__Goal of the exercise__
Up to and including the line bearing "кронштейн переднего бампера", output every line of the entries exactly as written, starting from the first; pictures stay out.

+++ Input

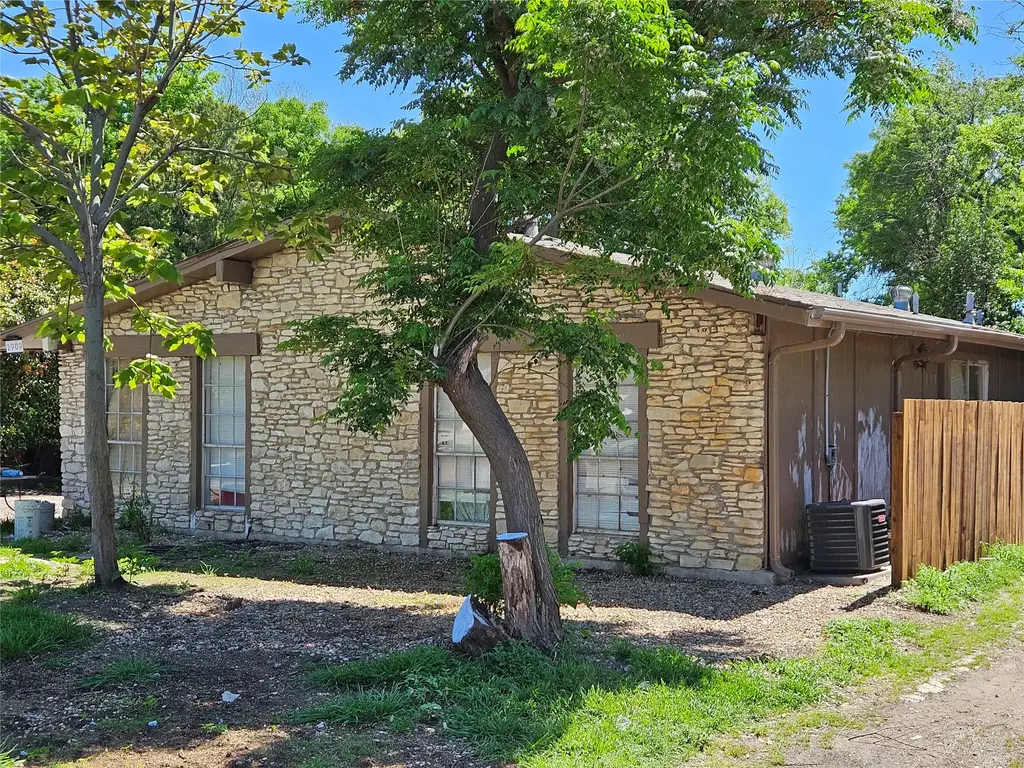 1909 Hearthside Drive, Austin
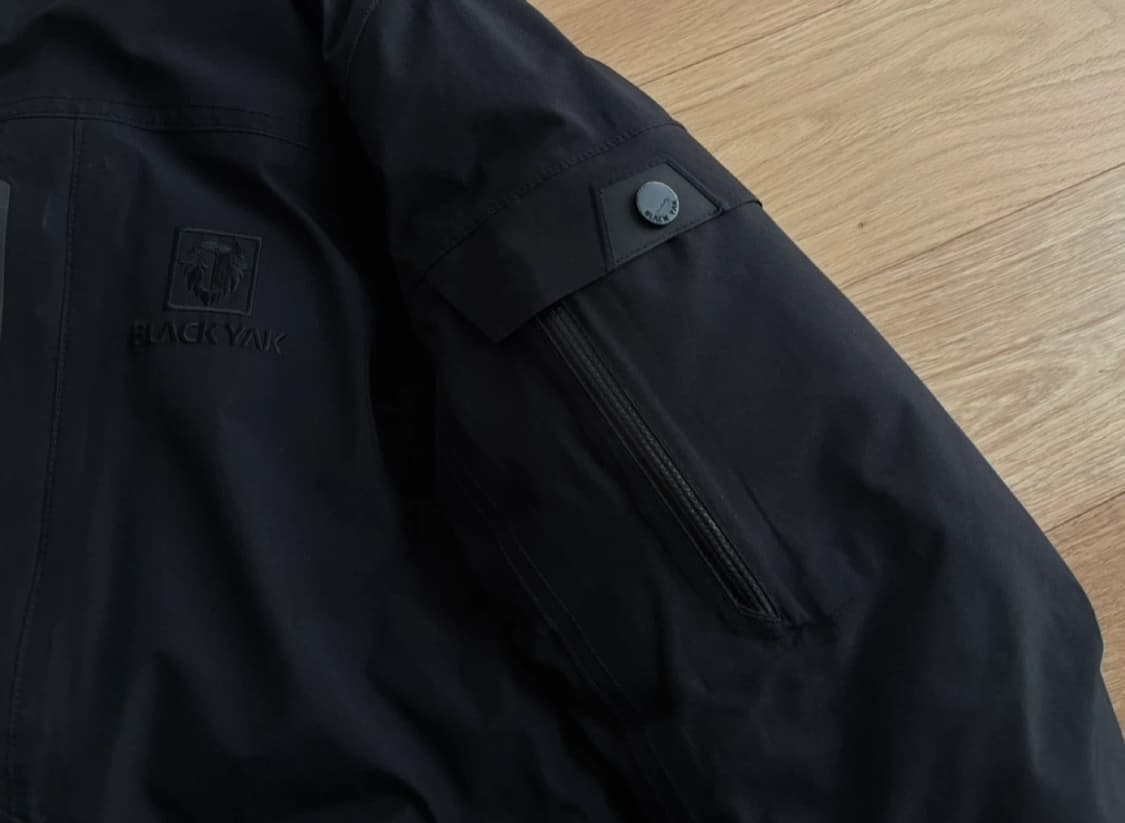 블랙야크 고어텍스 구스패딩 점퍼 95 상품이미지4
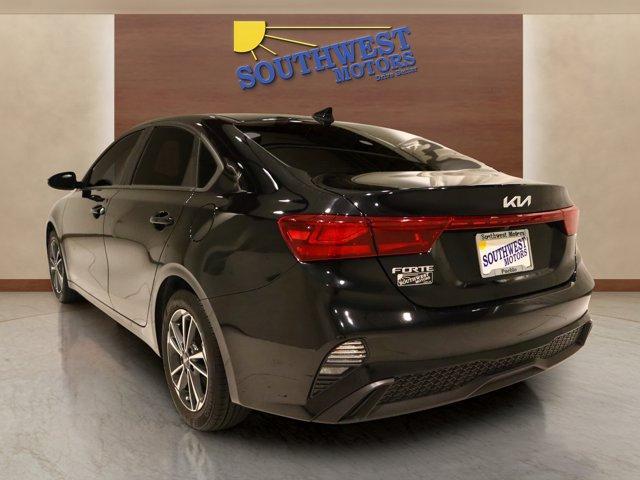 Photo of 2023 Aurora Black Kia Forte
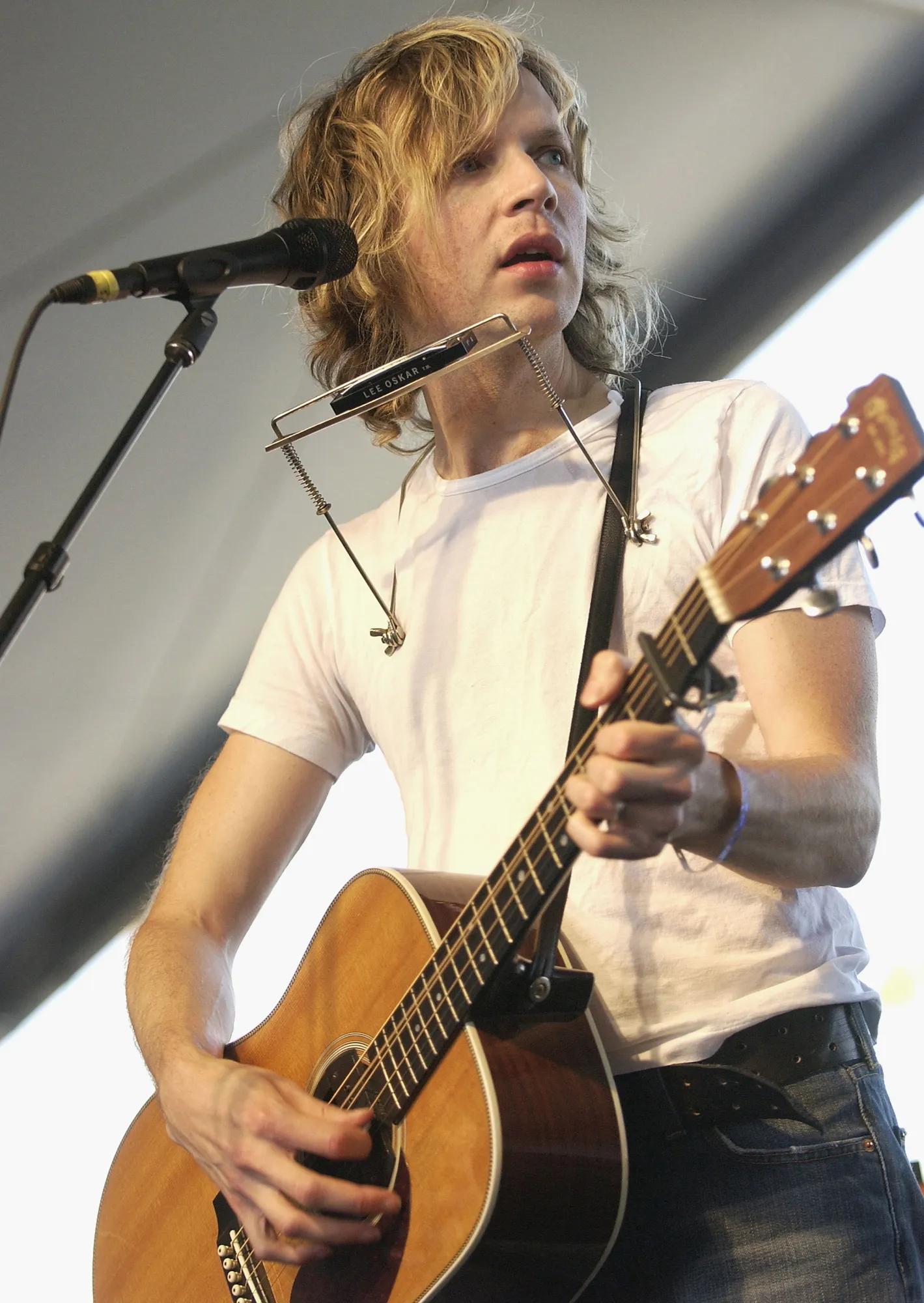 התמונה עשויה להכיל בק גיטרה כלי נגינה מבצע אדם ביצוע סולו מכשיר חשמלי ומיקרופון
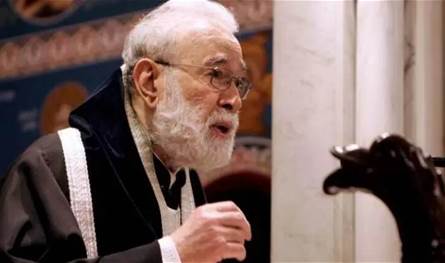 عظة الأحد.. المطران الياس عودة يدعو للتحرر من "الأنا" وحمل الصليب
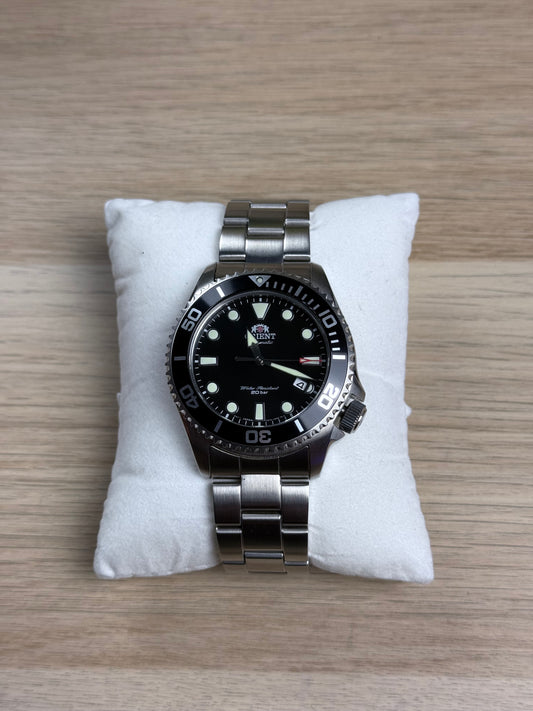 ORIENT TRITON NERO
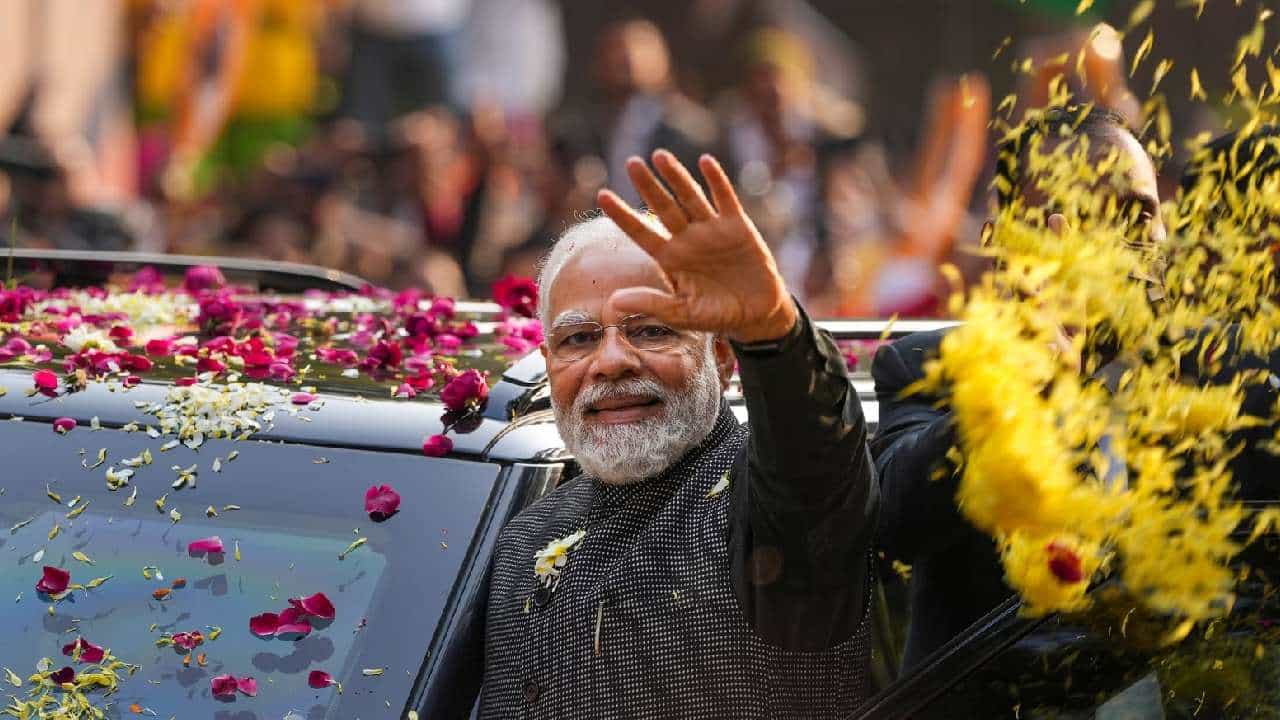 Modi Bangalore roadshow: ಪ್ರಧಾನಿ ಮೋದಿ ಬೆಂಗಳೂರು ರೋಡ್ ಶೋ ಸಮಯದಲ್ಲಿ ಮತ್ತೆ ಬದಲಾವಣೆ Modi Bangalore roadshow: ಪ್ರಧಾನಿ ಮೋದಿ ಬೆಂಗಳೂರು ರೋಡ್ ಶೋ ಸಮಯದಲ್ಲಿ ಮತ್ತೆ ಬದಲಾವಣೆ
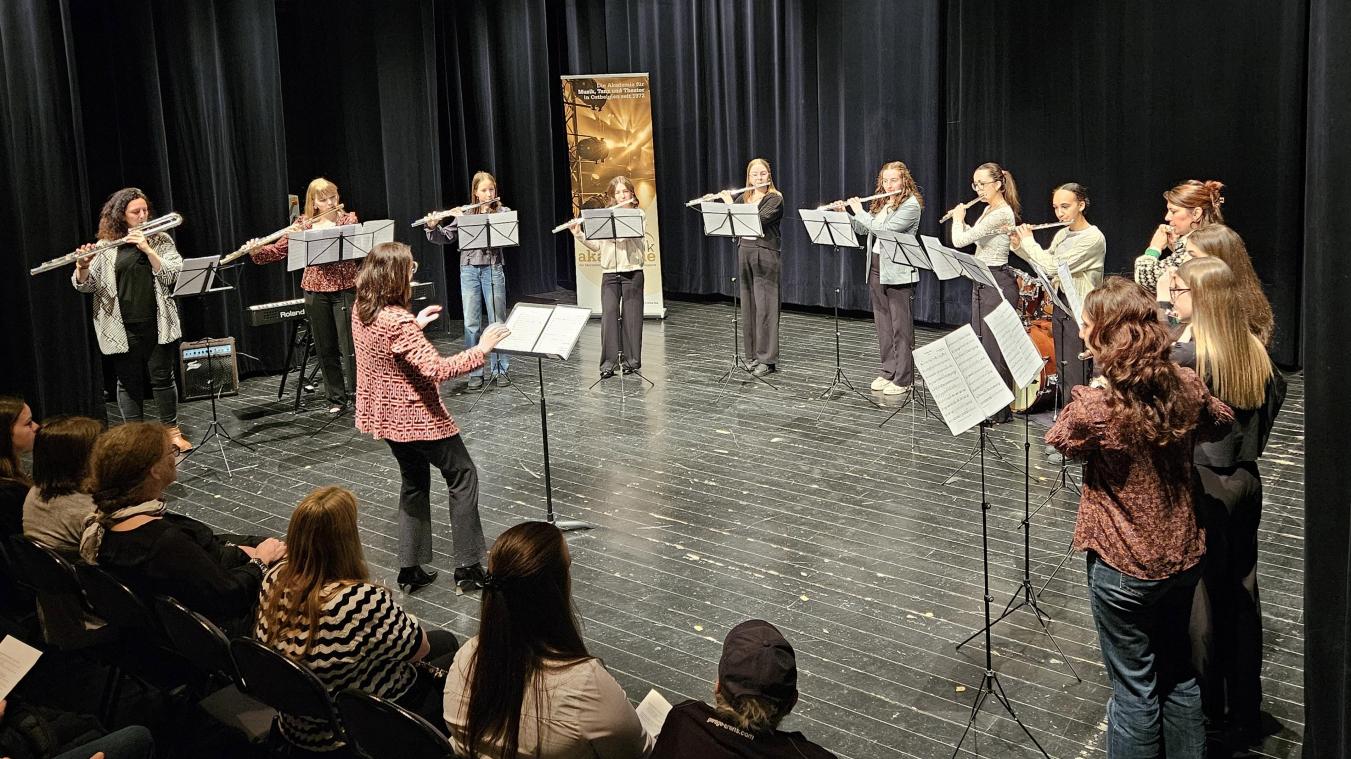 <p>Seit zwei Jahren bereiten junge Flötisten und Flötistinnen die Aufführung vor.</p>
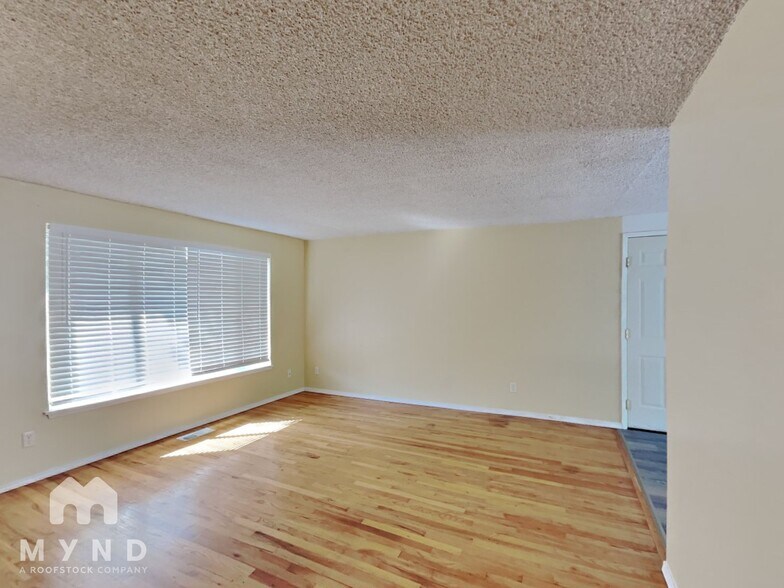 Building Photo - 11736 SE 168th St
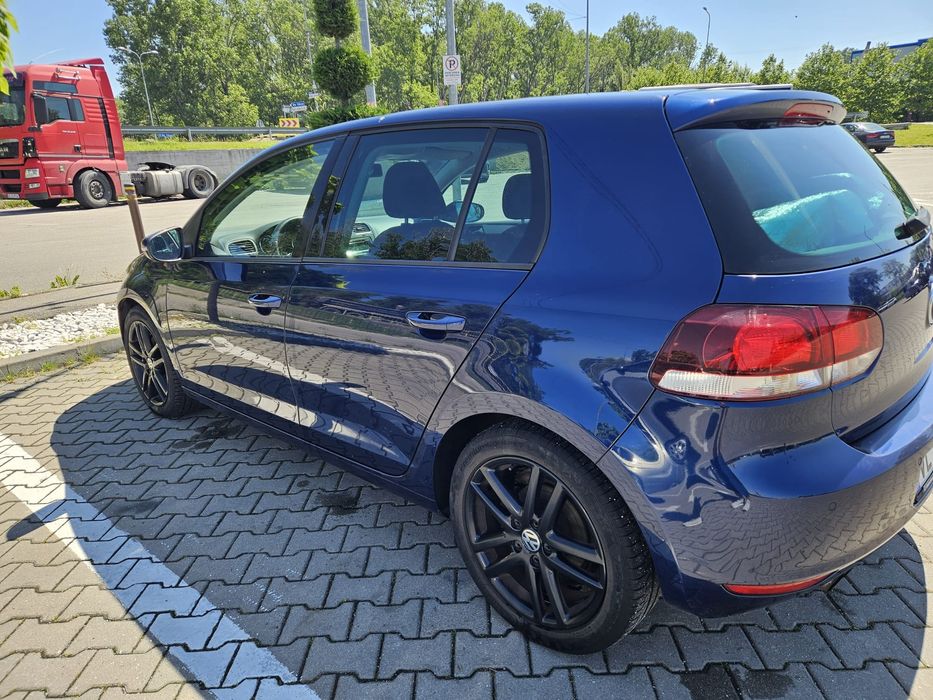 VOLKSWAGEN Golf 2010 — imagine 4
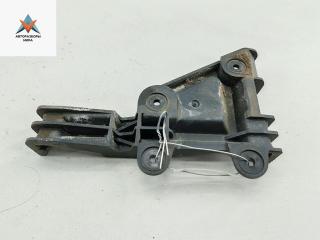 кронштейн переднего бампера Audi 80 8C/B4 1994, 2.0 л., бензин, МКПП, красный, седан, 8A0807283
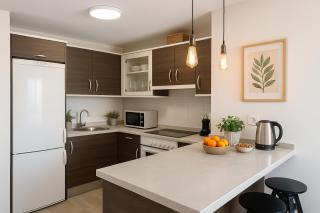 Small Oasis Nelson Mandela Apartment with sea view, two bedrooms, parking, terrace and pool - Manilva - 4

++++++

__Result for this exercise__
 1909 Hearthside Drive, Austin
 블랙야크 고어텍스 구스패딩 점퍼 95 상품이미지4
 Photo of 2023 Aurora Black Kia Forte
 התמונה עשויה להכיל בק גיטרה כלי נגינה מבצע אדם ביצוע סולו מכשיר חשמלי ומיקרופון
 عظة الأحد.. المطران الياس عودة يدعو للتحرر من "الأنا" وحمل الصليب
 ORIENT TRITON NERO
 Modi Bangalore roadshow: ಪ್ರಧಾನಿ ಮೋದಿ ಬೆಂಗಳೂರು ರೋಡ್ ಶೋ ಸಮಯದಲ್ಲಿ ಮತ್ತೆ ಬದಲಾವಣೆ Modi Bangalore roadshow: ಪ್ರಧಾನಿ ಮೋದಿ ಬೆಂಗಳೂರು ರೋಡ್ ಶೋ ಸಮಯದಲ್ಲಿ ಮತ್ತೆ ಬದಲಾವಣೆ
 <p>Seit zwei Jahren bereiten junge Flötisten und Flötistinnen die Aufführung vor.</p>
 Building Photo - 11736 SE 168th St
 VOLKSWAGEN Golf 2010 — imagine 4
 кронштейн переднего бампера Audi 80 8C/B4 1994, 2.0 л., бензин, МКПП, красный, седан, 8A0807283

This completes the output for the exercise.